Edward Jossa, président de la première centrale d’achat public en France, l’UGAP, apporte quelques éléments de réponse.
33% pour le cloud SecNumCloud
L’UGAP gère notamment depuis plusieurs années un marché cloud (à différencier du marché Logiciels). En 2024, comme l’indique son dirigeant en audition, ce marché représentait 44 millions d’euros. Précisions que ce contrat est conclu avec un distributeur (Crayon).
Les commandes, selon des critères de sélection, sont ensuite dirigées vers un portefeuille de fournisseurs. L’année dernière, OVH apparaît ainsi comme le clouder ayant le plus bénéficié de ce marché avec 19,5 millions d’euros de commandes.

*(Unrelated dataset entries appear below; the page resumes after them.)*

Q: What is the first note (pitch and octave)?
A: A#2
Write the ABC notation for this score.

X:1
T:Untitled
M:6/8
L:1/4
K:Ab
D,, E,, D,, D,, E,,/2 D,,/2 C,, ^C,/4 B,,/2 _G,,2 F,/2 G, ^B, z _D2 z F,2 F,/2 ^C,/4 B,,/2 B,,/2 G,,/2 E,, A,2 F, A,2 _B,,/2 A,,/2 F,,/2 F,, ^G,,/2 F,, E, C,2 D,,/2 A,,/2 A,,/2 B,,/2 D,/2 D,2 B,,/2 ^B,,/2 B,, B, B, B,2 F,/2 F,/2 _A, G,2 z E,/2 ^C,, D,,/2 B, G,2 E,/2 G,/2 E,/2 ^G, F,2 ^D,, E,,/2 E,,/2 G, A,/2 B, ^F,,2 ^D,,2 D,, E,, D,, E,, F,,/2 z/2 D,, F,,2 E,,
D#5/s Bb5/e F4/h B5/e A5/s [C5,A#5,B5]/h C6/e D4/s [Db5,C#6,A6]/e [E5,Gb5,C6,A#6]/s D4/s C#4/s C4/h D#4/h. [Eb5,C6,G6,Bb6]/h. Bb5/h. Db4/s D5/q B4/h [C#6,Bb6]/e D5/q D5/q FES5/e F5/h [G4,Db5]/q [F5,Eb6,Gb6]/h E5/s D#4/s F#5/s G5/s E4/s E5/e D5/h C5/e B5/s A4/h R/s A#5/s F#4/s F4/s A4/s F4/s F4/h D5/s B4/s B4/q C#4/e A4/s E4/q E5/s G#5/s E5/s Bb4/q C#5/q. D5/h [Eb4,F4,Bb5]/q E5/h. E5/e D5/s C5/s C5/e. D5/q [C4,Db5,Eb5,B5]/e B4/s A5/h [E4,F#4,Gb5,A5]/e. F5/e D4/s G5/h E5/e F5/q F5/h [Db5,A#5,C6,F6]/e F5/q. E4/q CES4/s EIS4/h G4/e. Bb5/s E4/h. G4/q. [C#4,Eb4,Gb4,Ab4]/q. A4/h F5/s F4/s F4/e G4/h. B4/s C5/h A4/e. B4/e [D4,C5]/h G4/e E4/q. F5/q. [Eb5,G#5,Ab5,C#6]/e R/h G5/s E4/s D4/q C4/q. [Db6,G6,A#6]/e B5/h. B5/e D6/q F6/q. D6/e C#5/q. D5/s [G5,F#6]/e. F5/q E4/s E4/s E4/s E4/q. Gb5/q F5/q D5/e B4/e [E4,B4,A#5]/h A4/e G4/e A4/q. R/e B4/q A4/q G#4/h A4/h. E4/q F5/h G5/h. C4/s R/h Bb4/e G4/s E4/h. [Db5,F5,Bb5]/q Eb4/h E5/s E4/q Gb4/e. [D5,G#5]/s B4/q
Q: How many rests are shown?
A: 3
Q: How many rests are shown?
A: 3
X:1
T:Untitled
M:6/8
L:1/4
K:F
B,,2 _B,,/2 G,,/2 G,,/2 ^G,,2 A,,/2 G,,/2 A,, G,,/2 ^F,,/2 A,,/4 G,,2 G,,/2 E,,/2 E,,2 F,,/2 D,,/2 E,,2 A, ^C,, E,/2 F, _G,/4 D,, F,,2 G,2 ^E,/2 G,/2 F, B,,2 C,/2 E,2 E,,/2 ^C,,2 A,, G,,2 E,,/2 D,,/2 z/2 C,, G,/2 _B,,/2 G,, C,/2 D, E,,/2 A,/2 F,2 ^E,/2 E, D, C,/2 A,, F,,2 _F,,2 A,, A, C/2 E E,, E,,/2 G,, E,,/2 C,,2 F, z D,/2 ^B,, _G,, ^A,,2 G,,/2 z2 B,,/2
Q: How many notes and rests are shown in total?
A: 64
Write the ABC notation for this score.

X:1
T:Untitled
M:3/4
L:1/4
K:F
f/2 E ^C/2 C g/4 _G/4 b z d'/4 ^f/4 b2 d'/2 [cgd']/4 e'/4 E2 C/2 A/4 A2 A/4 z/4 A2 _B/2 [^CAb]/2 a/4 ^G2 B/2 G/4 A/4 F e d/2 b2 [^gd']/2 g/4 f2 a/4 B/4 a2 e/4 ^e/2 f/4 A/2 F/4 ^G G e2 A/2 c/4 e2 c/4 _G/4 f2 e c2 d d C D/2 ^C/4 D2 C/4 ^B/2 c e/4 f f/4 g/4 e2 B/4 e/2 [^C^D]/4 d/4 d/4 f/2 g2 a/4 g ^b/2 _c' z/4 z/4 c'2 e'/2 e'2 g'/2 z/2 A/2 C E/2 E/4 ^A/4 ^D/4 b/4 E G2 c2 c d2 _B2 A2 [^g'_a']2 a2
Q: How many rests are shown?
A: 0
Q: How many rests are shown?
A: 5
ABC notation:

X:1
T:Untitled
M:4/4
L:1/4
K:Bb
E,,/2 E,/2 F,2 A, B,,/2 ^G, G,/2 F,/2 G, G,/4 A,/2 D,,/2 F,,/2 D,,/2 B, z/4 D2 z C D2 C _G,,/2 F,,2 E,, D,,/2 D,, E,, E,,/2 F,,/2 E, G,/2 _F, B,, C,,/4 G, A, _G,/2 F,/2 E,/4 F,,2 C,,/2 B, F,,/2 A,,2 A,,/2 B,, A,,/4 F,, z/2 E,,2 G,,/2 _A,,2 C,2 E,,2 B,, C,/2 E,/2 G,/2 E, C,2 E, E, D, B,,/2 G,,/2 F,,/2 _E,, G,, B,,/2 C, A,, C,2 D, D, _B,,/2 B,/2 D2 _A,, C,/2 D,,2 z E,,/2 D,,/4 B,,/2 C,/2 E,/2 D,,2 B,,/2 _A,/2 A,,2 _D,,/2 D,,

Arrive en seconde position Microsoft à 8,1 millions d’euros. Viennent ensuite Outscale (3,7 M€), Scaleway (3,6 M€) et AWS (2,2 M€). “Cela montre que les solutions françaises sont assez significatives”, commente Edward Jossa.
La central d’achat ne fait pas la loi
“Il faut quand même constater que ces montants sont incroyablement faibles”, réplique sur LinkedIn, Alain Issarni, ex-PDG de NumSpot. L’ancien DSI du secteur public plaide pour des efforts supplémentaires de la part de l’État.
Certes 72% des ventes ont été dirigées vers des acteurs français et 33% au profit du SecNumCloud. 44 millions, ce n’est cependant pas l’intégralité de la commande publique française sur le cloud. D’ailleurs, Edward Jossa rappelle en préambule de son audition que l’achat public en France est très fragmenté.
En outre, précise-t-il, les centrales d’achats comme l’UGAP ne sont pas décisionnaires des commandes. Cette responsabilité revient au client final, qui peut ainsi choisir de ne pas tenir compte du risque d’extraterritorialité européenne.
132 millions d’euros pour le cloud du public
De plus amples données sur la dépense cloud du secteur public étaient fournies quelques mois auparavant lors de la conférence “l’État dans le nuage” de la Dinum. Nina Landes, cheffe de projet interministériel cloud, communiquait un autre chiffre.
Depuis l’application de la doctrine cloud, l’État a dépensé (en cumulé) 132 millions d’euros. Et cette dépense augmente rapidement, de l’ordre de 50% entre 2023 et 2025 – et au rythme “d’un nouveau projet dans le cloud par jour.”
“Contrairement à une idée reçue, l’essentiel de cette commande publique va vers des acteurs européens [75% en 2024] », assurait la cheffe de projet interministériel. Sur le total, environ un tiers est consacré à du SecNumCloud, était-il précisé – chiffre donc confirmé par l’UGAP.
Mais Nina Landes le concédait : ces chiffres ne reflètent pas exactement l’usage de toute la commande publique. D’autres véhicules d’achat que celui examiné existent, dont des marchés individuels. Une vue consolidée de la commande publique et de ses bénéficiaires s’impose.